Un autre spécialiste des discussions européennes privilégie, lui, les dirigeants élus. «Quand les partenaires sociaux siègent au parlement, ils ont au moins un sens politique. Ils bougent sous la pression et lorsque beaucoup d’intérêts sont en jeu. Il faut évidemment qu’ils soient raisonnables, mais cela reste mieux que des techniciens «bêtes et méchants».»

L’Europe et les retraites

L’Europe et les retraites sont les deux grands thèmes où le rôle des partenaires sociaux va s’avérer crucial dans les mois à venir. Dans le dossier européen, ils sont attendus pour trouver une solution quant aux mesures d’accompagnement en vue de signer l’accord-cadre institutionnel. «Sans l’appui des syndicats, on ne va nulle part dans ce dossier», admet Marco Taddei, «d’où les discussions qui se tiennent en coulisses depuis quelques mois».

Si ces discussions restent en coulisses, c’est que côté suisse, on joue la montre. «Il faut préparer une contre-proposition de la Suisse, mais c’est trop tôt pour qu’elle soit faite», explique Pierre-Yves Maillard. «Il faut qu’on puisse avoir d’abord un débat serein sur l’initiative de l’UDC qui sera soumise au peuple en mai», explique Pierre-Yves Maillard. Celle-ci demande la résiliation de l’accord sur la libre circulation des personnes et, en cas d’acceptation, rendrait caduque toute idée d’accord-cadre.
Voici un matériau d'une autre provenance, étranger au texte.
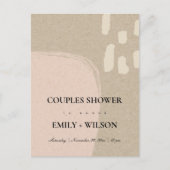MODERN ABSTRACTE KRAFT BLUSH PEACH COUPLY SHOWER UITNODIGING BRIEFKAART (Voorkant)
Pour ce qui est des retraites, après l’échec du projet de Prévoyance 2020 en votation populaire il y a deux ans, le Conseil fédéral a confié à l’Union patronale et à l’USS le soin de trouver une solution pour ce qui est du deuxième pilier. Présenté début juillet, ce projet devrait être mis en consultation tel quel par le Conseil fédéral, et ce, avant la fin de l’année. Et là, paradoxalement, les vestes récoltées par les partenaires sociaux pourraient même être un atout. «L’Usam a critiqué notre compromis», explique Marco Taddei. «Son affaiblissement pourrait faciliter le soutien à ce compromis au parlement.»